Abstract

Measurements of the intensity autocorrelation of light scattered from diffusing micropheres suspended in a normal fluid show that if the particle radii satisfy the condition $l\ensuremath{\lesssim}{\ensuremath{\lambda}}_{0}$ where ${\ensuremath{\lambda}}_{0}$ is the wavelength of the incident light, and if the suspension is polydisperse (a finite-width particle-size distribution), the experimental diffusion constant displays a dependence upon the scattered wave number $k$ which is qualitatively the same as that for a critical fluid system in the nonhydrodynamic ($k\ensuremath{\xi}\ensuremath{\gtrsim}1$) regime. These experimental observations have led us to propose a model of a critical fluid in which the order-parameter fluctuations are considered as spherical molecular clusters, or droplets, performing Brownian motion in a normal host fluid. The droplets are assumed to have a Gaussian index of refraction spacial profile, and a particle-size distribution $N(l)$ characterizing the suspension determined from the requirement that the scattered light intensity be of the modified Ornstein-Zernike form.
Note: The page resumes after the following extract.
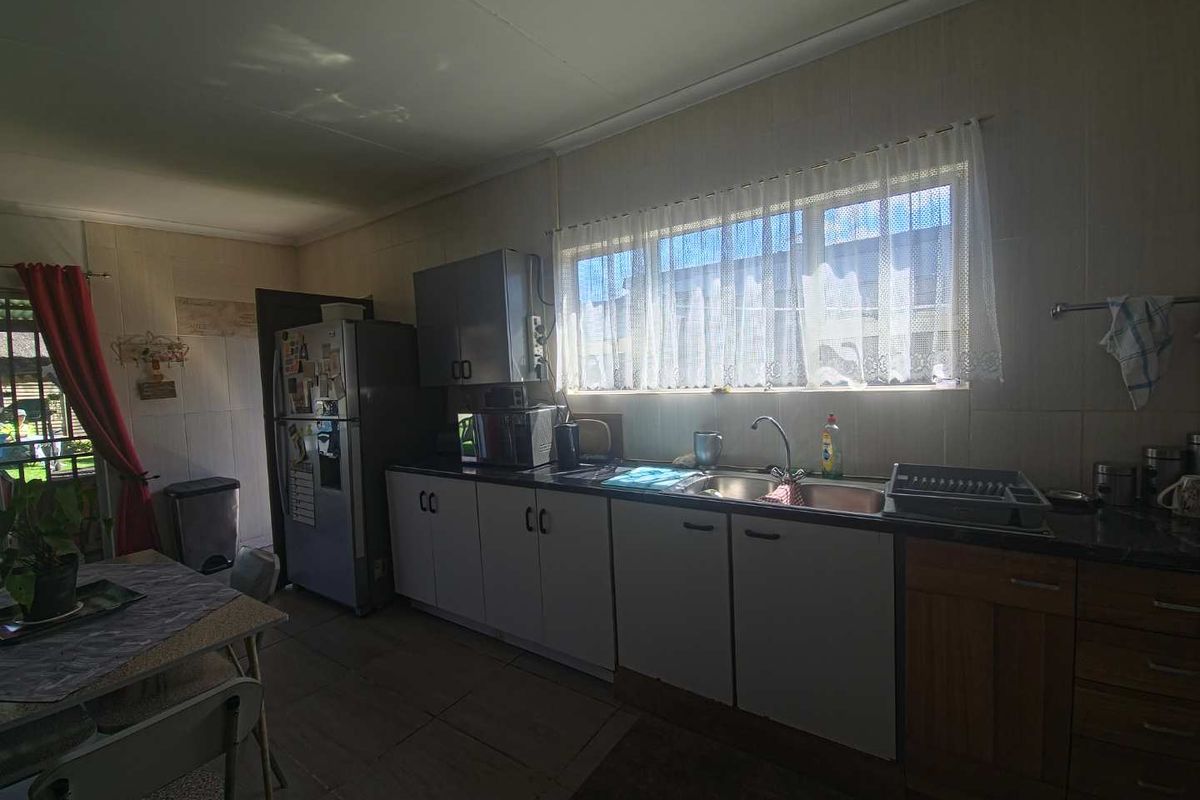 A functional kitchen featuring built-in cabinetry, tiled walls, and a double sink, offering a practical layout with potential for modern updates.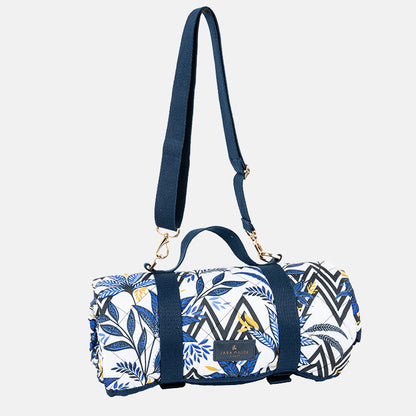 Picnic blanket rolled up with blue and white pattern with carry handles/straps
In a first approximation, the droplets are assumed to diffuse without changing size for times of the order of the characteristic diffusion time. The intensity-autocorrelation function of light scattered by our model system of diffusing droplets is evaluated, and the effective Rayleigh linewidth is found to agree to within a constant factor of order 1 with the ansatz for the critical part of the Rayleigh linewidth chosen by Perl and Ferrell. The resulting line-shape function is nearly Lorentzian, except in the wings where experimental detection of a departure from Lorentzian behavior becomes extremely difficult. Our droplet-size distribution is very similar to that which results from the static droplet model of Fisher which has been applied successfully to describe static critical phenomena in fluids below the critical temperature. In the diffusing droplet model, the $k$ dependence of the diffusion constant extracted from light-scattering measurements on critical fluids is seen to be an artifact introduced by the light-scattering process, and introduces no new physical information concerning the critical fluid behavior which is not contained in the droplet-size distribution function.